- LISTED RECORDS
====

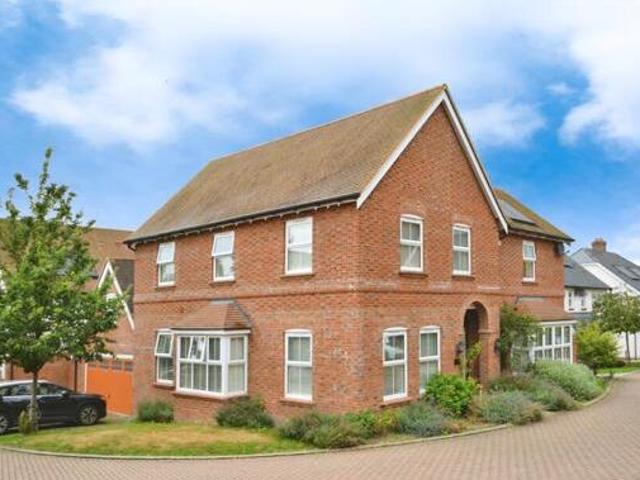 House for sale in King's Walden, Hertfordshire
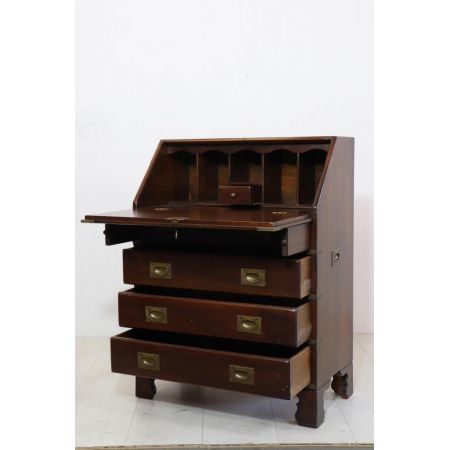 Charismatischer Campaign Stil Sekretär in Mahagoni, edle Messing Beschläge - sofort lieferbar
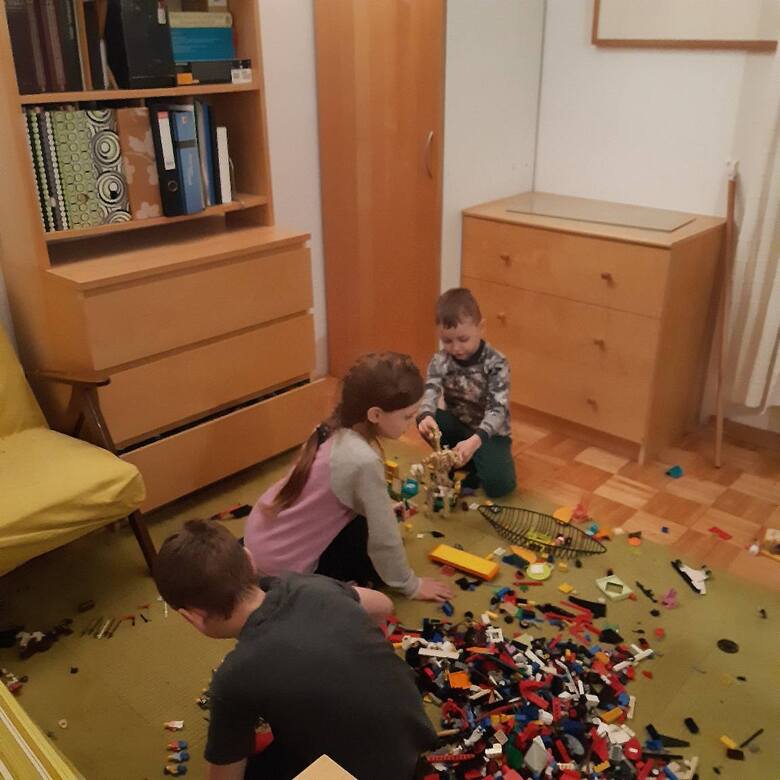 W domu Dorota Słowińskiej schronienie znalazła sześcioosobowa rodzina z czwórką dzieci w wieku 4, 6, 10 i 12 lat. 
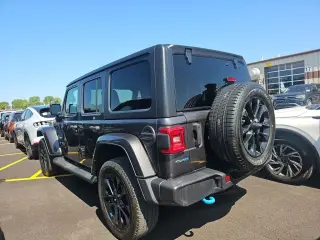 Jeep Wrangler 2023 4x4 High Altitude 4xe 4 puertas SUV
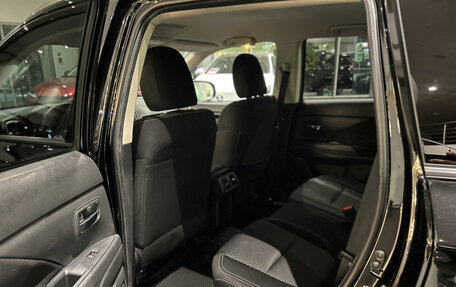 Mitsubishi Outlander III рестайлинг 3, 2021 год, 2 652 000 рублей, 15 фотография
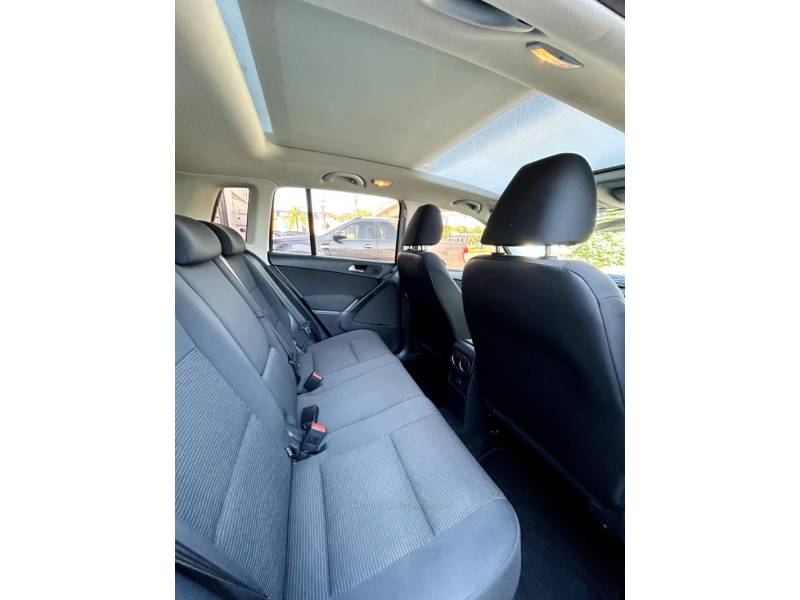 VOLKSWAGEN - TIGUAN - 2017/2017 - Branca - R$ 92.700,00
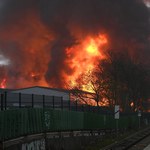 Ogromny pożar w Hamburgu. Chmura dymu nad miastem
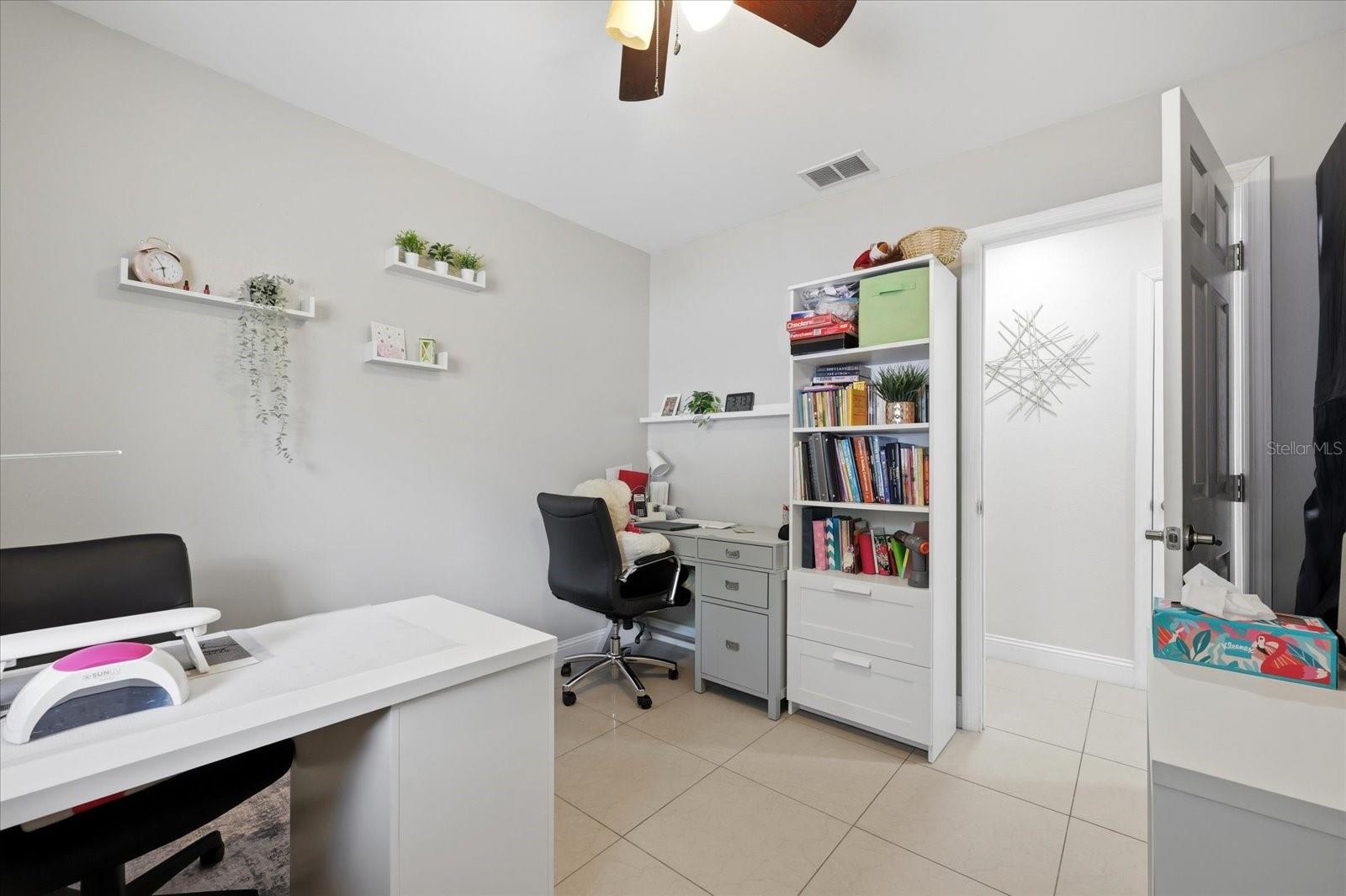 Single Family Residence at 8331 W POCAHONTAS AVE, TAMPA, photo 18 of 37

====

- EXERCISE AIM
Please restate each entry exactly, but drop any picture it holds.

- SOLUTION
 House for sale in King's Walden, Hertfordshire
 Charismatischer Campaign Stil Sekretär in Mahagoni, edle Messing Beschläge - sofort lieferbar
 W domu Dorota Słowińskiej schronienie znalazła sześcioosobowa rodzina z czwórką dzieci w wieku 4, 6, 10 i 12 lat. 
 Jeep Wrangler 2023 4x4 High Altitude 4xe 4 puertas SUV
 Mitsubishi Outlander III рестайлинг 3, 2021 год, 2 652 000 рублей, 15 фотография
 VOLKSWAGEN - TIGUAN - 2017/2017 - Branca - R$ 92.700,00
 Ogromny pożar w Hamburgu. Chmura dymu nad miastem
 Single Family Residence at 8331 W POCAHONTAS AVE, TAMPA, photo 18 of 37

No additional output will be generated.